Park in East Sussex, United Kingdom

Beacon Hill is an 18.6 ha Local Nature Reserve in Rottingdean, on the eastern outskirts of Brighton in East Sussex. It is owned and managed by Brighton and Hove Council.

== Geography ==
This chalk grassland site has extensive views out to sea and inland. Flora include round-headed rampion, vetches, wild thyme and several species of orchid, while there are birds such as skylarks. Rottingdean Windmill is a grade II listed building towards the south of the site.

== History ==
Beacon Hill has been grazed chalk grassland for at least six thousand years, like the rest of the South Downs. In all those years, affinities with the Downs could be drawn with great range-grazed pastures of the steppes that stretched from Hungary eastwards all the way to Mongolia, or with the American prairies and pampas. In these grazed environments there is great biodiversity of species. The key difference between the South Downs and those habitats is that grazing has been maintained by human intervention by means of sheep farming. Grazed chalk grasslands have been likened to a rainforest in miniature due to the small flowers that compete to survive on the low nutrient soils and the animals this wide range of flora supports.

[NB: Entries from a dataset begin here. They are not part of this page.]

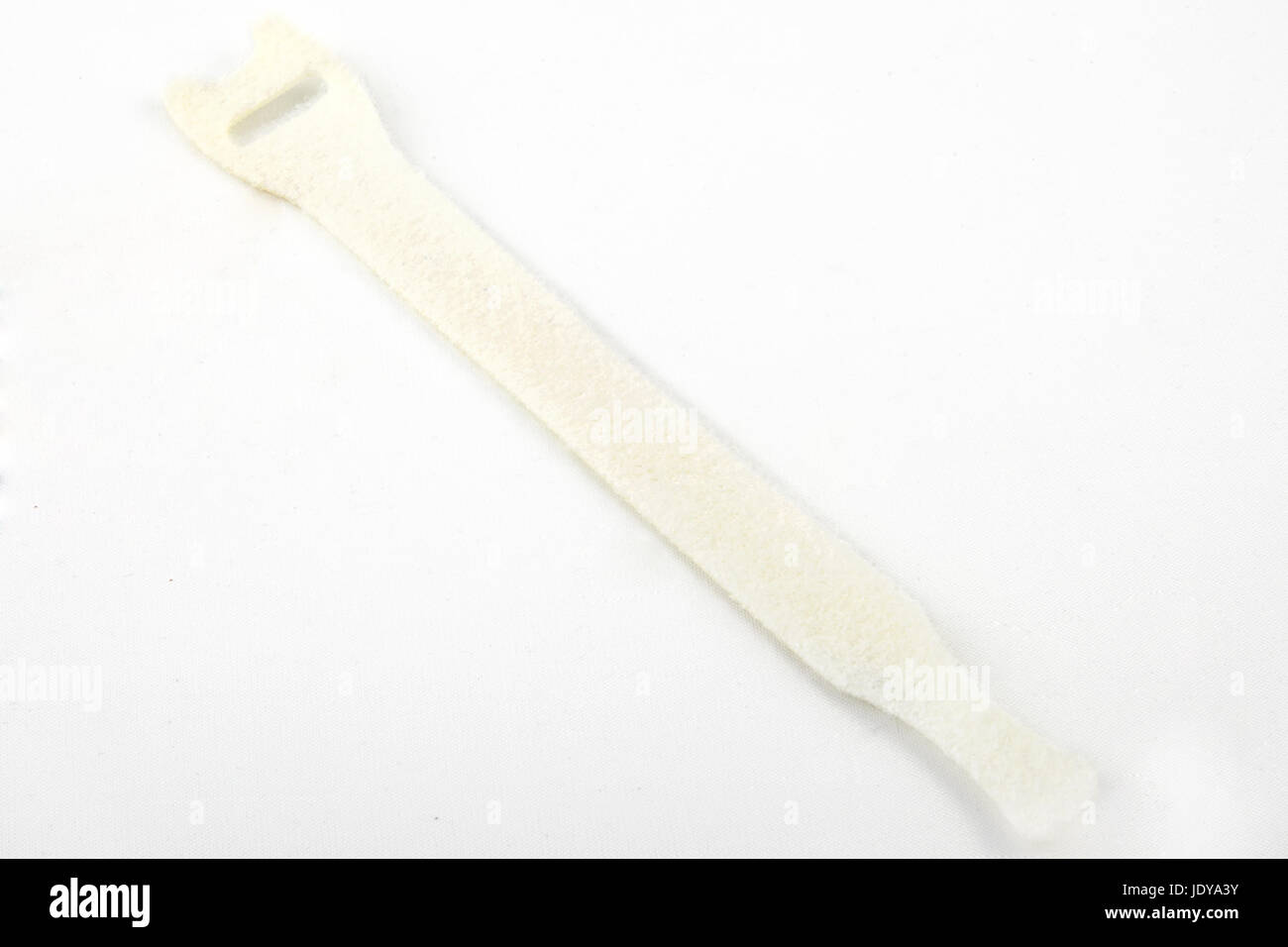 Il Velcro fascetta per cavi in bianco isolato su uno sfondo bianco Foto Stock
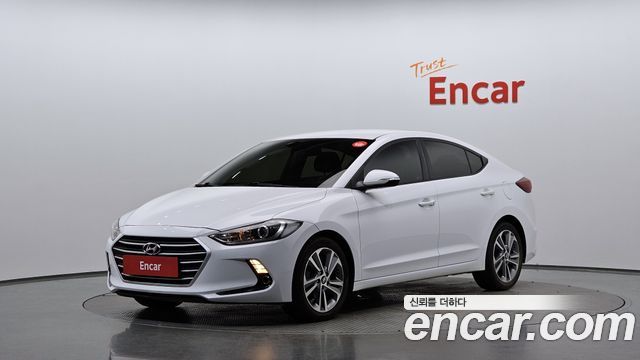 Hyundai AVANTE 2018 — photo 1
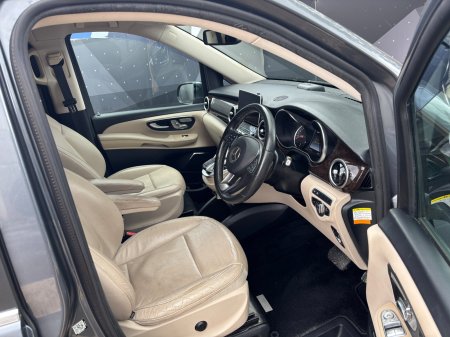 2018 Mercedes-Benz V-Class - photo 14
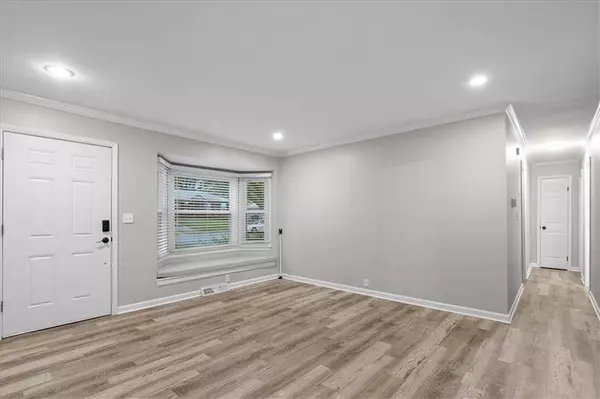 8632 Larsen ST, Overland Park, KS 66214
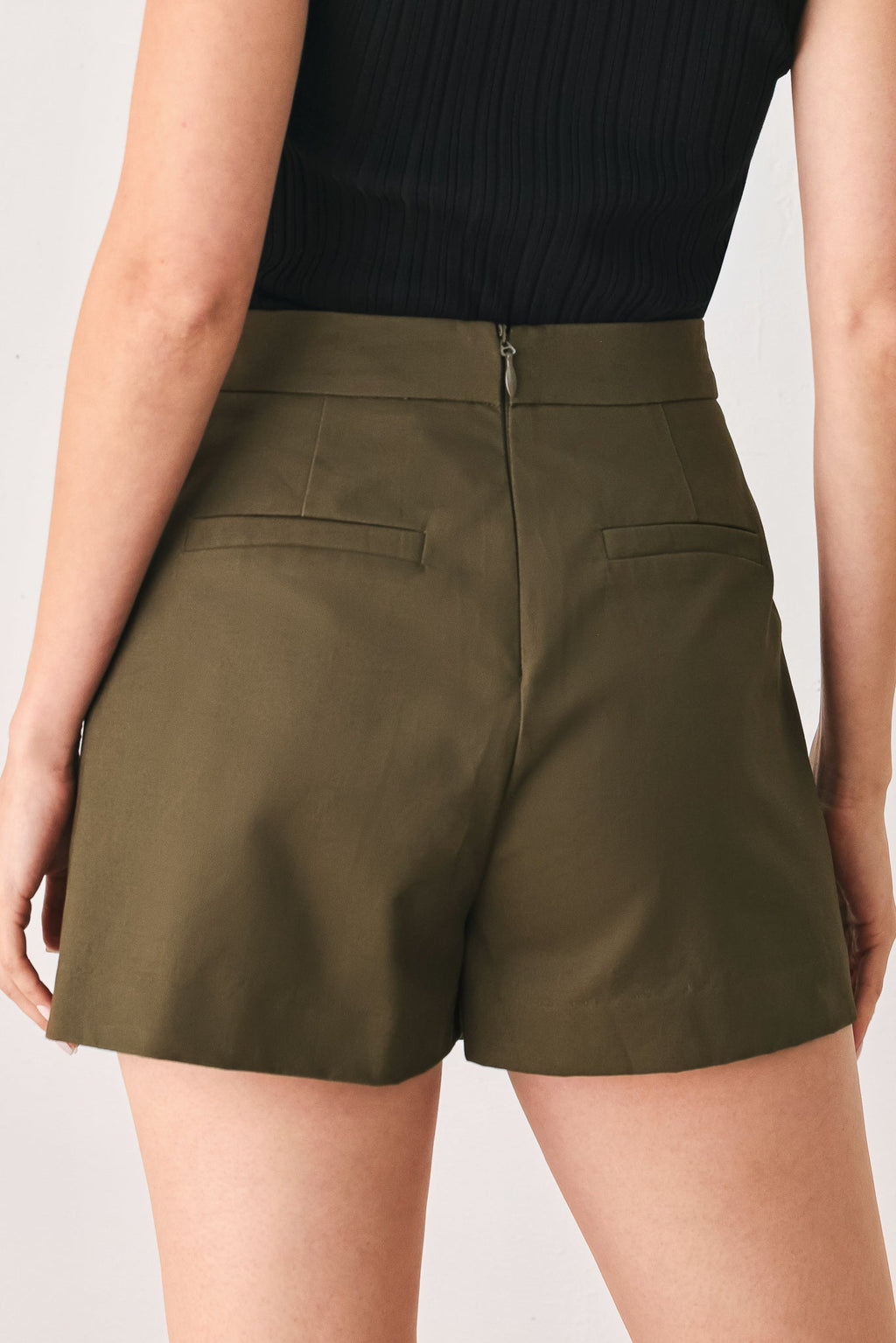 RANGER GREEN TAILORED WOVEN SKORT Flying Tomato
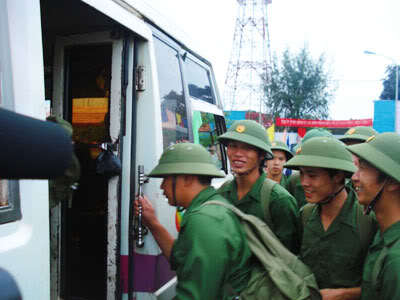 Nhà chỉ có mẹ già, được quyền từ chối nhập ngũ?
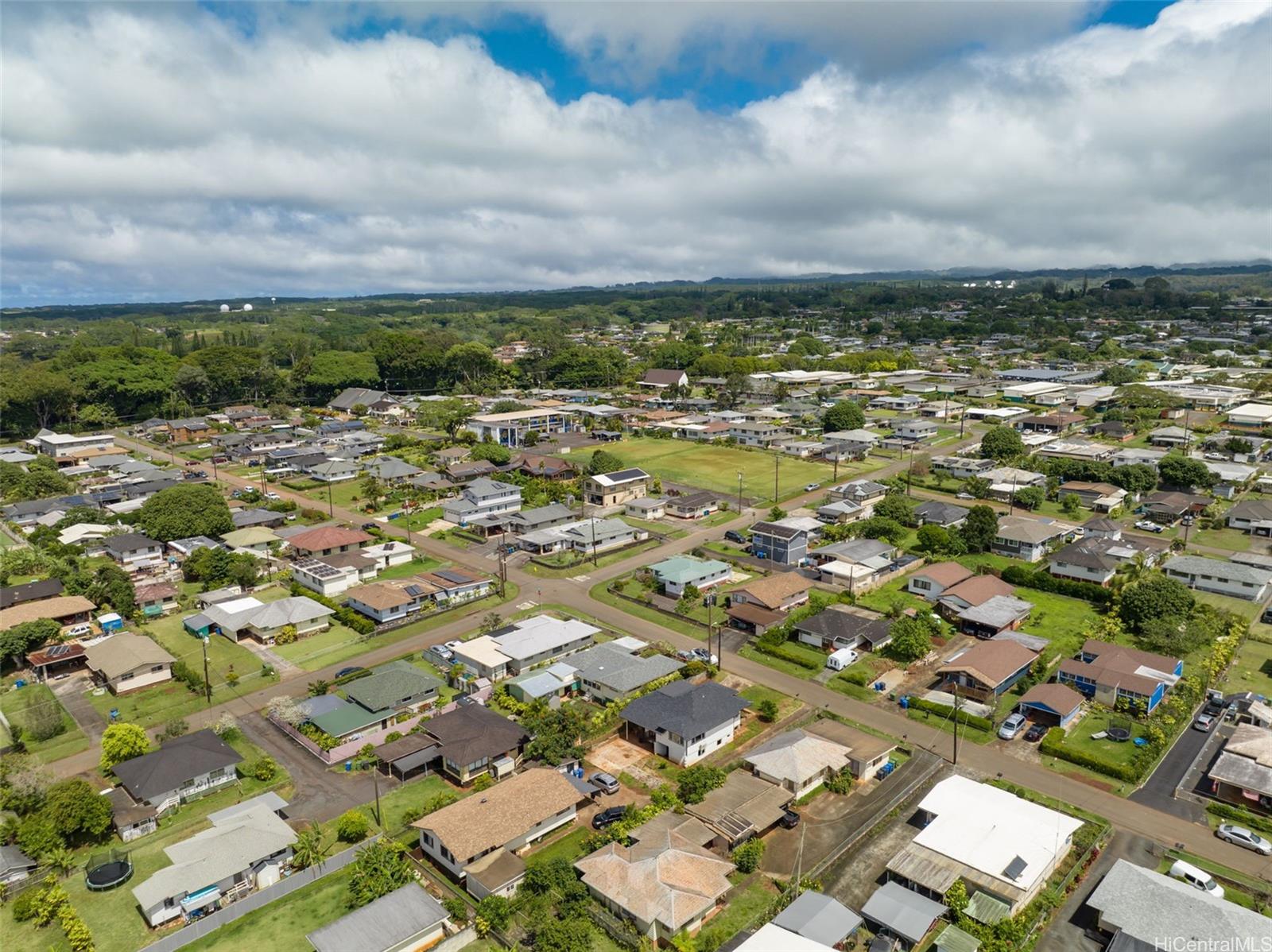 115  Makaweo Ave Wahiawa Area, Central home - photo 22 of 25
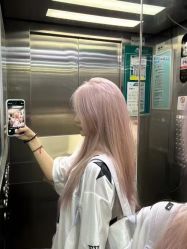 -苑苑发型设计
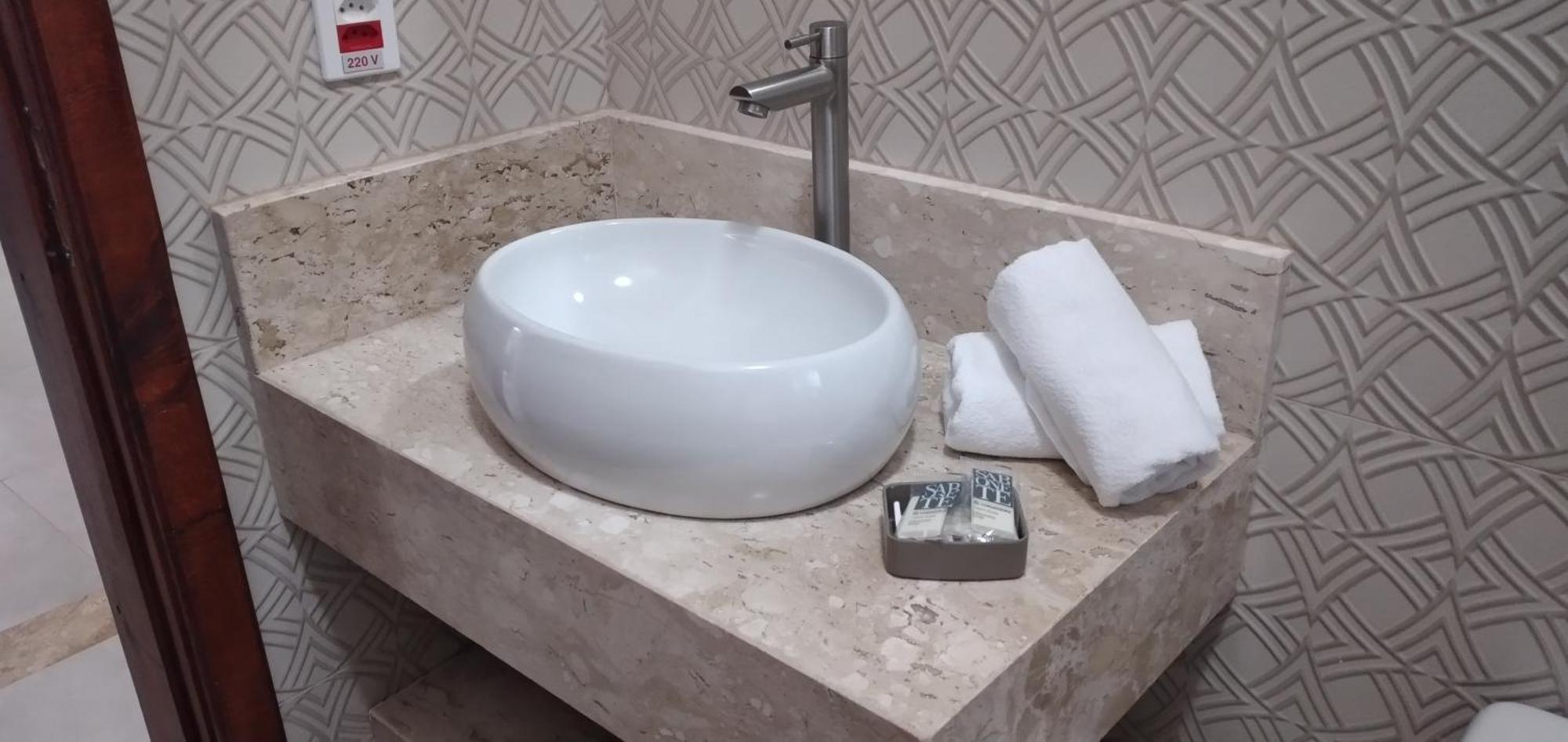 Minha Casinha Azul Na Represa Villa Paranapanema Dış mekan fotoğraf
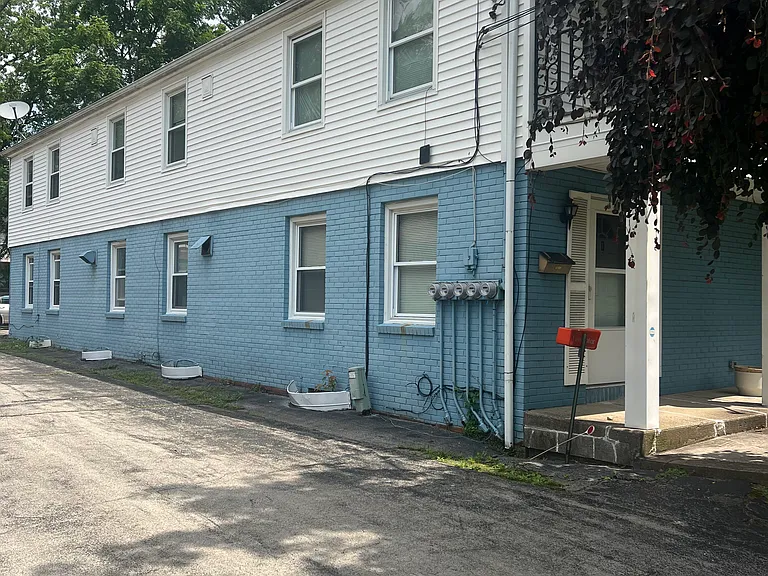 64 Willow Dr #3 — Photo 2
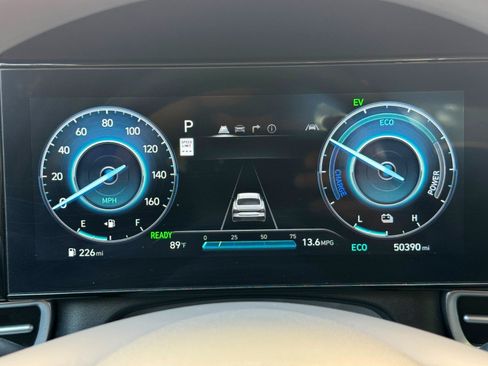 Used 2024 Hyundai Elantra Blue FWD image 17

Unfortunately, due to changes in farming practices and use of the land since the Second World War, in most places the South Downs is no longer sheep grazed and much of the land has been ploughed and had fertiliser and pesticides added. Beacon Hill however has been preserved and is currently managed to protect the grazed chalk grassland habitat and the many habitat and the many species that have evolved to live on it. As a result of the people working to preserve this area, Beacon Hill won the Royal Horticultural Society's (RHS) Britain in Bloom Conservation & Environment award in 2005 and the RHS Bloomin' Wild Discretionary award in 2007.

Within the site is the historic Rottingdean Windmill. The Windmill was built in 1803 and is opened to the public over some weekends during the summer months.

Beacon Hill was designated a Local Nature Reserve in 2004. Other designated chalk grassland LNR around Brighton and Hove include Benfield Hill, Bevendean Down, Ladies Mile and Whitehawk Hill. Nearby is also the National Nature Reserve of Castle Hill.